UMMA’s “Art in the Age of the Internet: 1989 to Today”
“Art in the Age of the Internet: 1989 to Today”, an exhibition in the A. Alfred Taubman Gallery I at the University of Michigan Museum of Art, features artists from around the world, with works centered on, and influenced by, the Internet. On display through April 7, it is a thought-provoking and, at times, uncomfortable exhibit.
Before entering the gallery, a discombobulating thrum of bass, static, and voices emanate from the exhibit. The first work to catch the eye is Judith Barry’s 1991 five-channel video installation IMAGINATION, Dead Imagine. The video, 15 minutes in length, features close-ups of first a woman’s, then a man’s, face being covered in viscous substances, followed by a variety of insects being trapped in the substances covering the faces.
There is no clear path to walk through the exhibit, with works throughout the exhibit space that draw the viewer in, before thrusting the viewer out again, like so many Internet windows opened on a screen. The low, cacophonic sound that initially greets the viewer comes from a combination of sources. The first is thewayblackmachine, an ongoing piece that began in 2014 by artist collective HOWDOYOUSAYYAMINAFRICAN? which incorporates 30 monitors that features music, sounds, video and photos with racially-charged images. A
Another source for the sounds is French artist Camille Henrot’s 2013 work, Grosse Fatigue, a 13-minute film that combines several representations of origin stories from various cultures and traditions.

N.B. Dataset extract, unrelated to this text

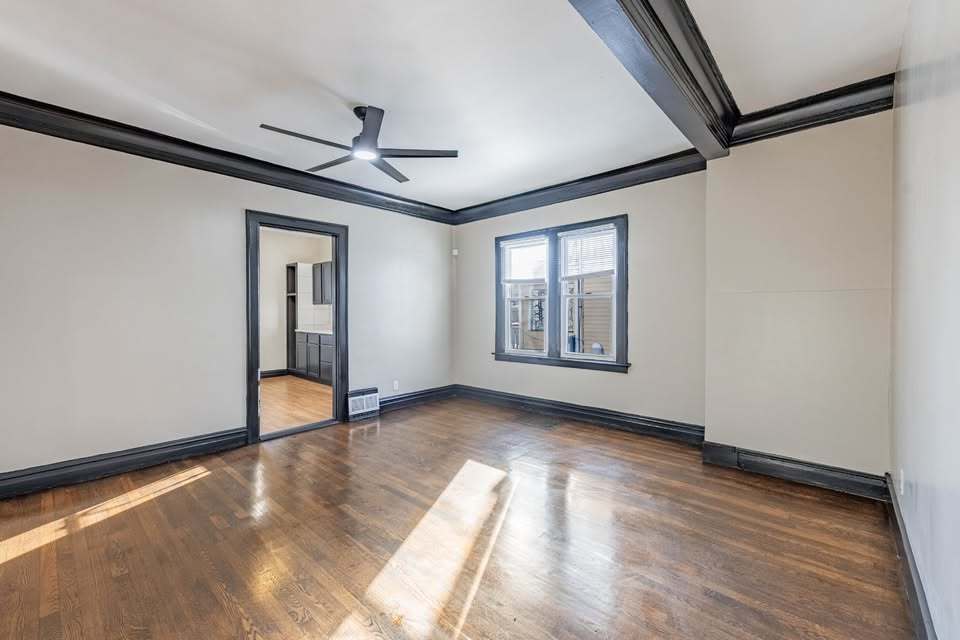1227 Emerald Avenue Property Photo 2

Other works feature “Infrastructure of the Internet,” like Trevor Paglen’s photography of undersea NSA cables or his Plexiglas cube with computer parts. Still others examine the illusion of privacy and safety, one example is Lebanese artist Rabih Mrouré’s 2012 piece, The Fall of Hair: Blow-Ups, depicting seven blurry images of gunmen pointing machine guns at the photographer. The photos are from the first year of the Syrian Civil War.
One of the exhibit’s most striking aspects is its compelling contradictions. Subject matter that is exceptionally serious and personal is presented in a way that feels absurd and impersonal, like Frances Stack’s film of simple avatars reenacting the artist’s transcribed conversations recorded during online video sex chats.
Some pieces are executed in a classically trained technique, but the subject matter reflects that of an X-rated reality show. One example, Celia Hampton’s collection of gestural depictions of individuals painted in real-time from chatrandom.com, includes voyeuristic postures and masturbation.
Perhaps the greatest contradiction occurs when you leave the exhibit, experiencing a feeling of having seen too much and, at the same time, not enough; that you have been given a glimpse into an intimate moment of life, but no more than a glimpse and no more than a moment.
The expansiveness of the internet
The exhibit’s intensity comes from its astute recognition of the expansiveness and randomness of the Internet. There are pieces that reflect the traditional idea of art, while most pieces make the artistic technique tertiary to the artistic message. Personal, political, and social messages abound in “Art in the Age of the Internet: 1989 to Today,” allowing the exhibition to accurately reflect the infinite assortment of ideas, people, places, and things to be found on the Internet, creating an uncomfortable collision between art and reality.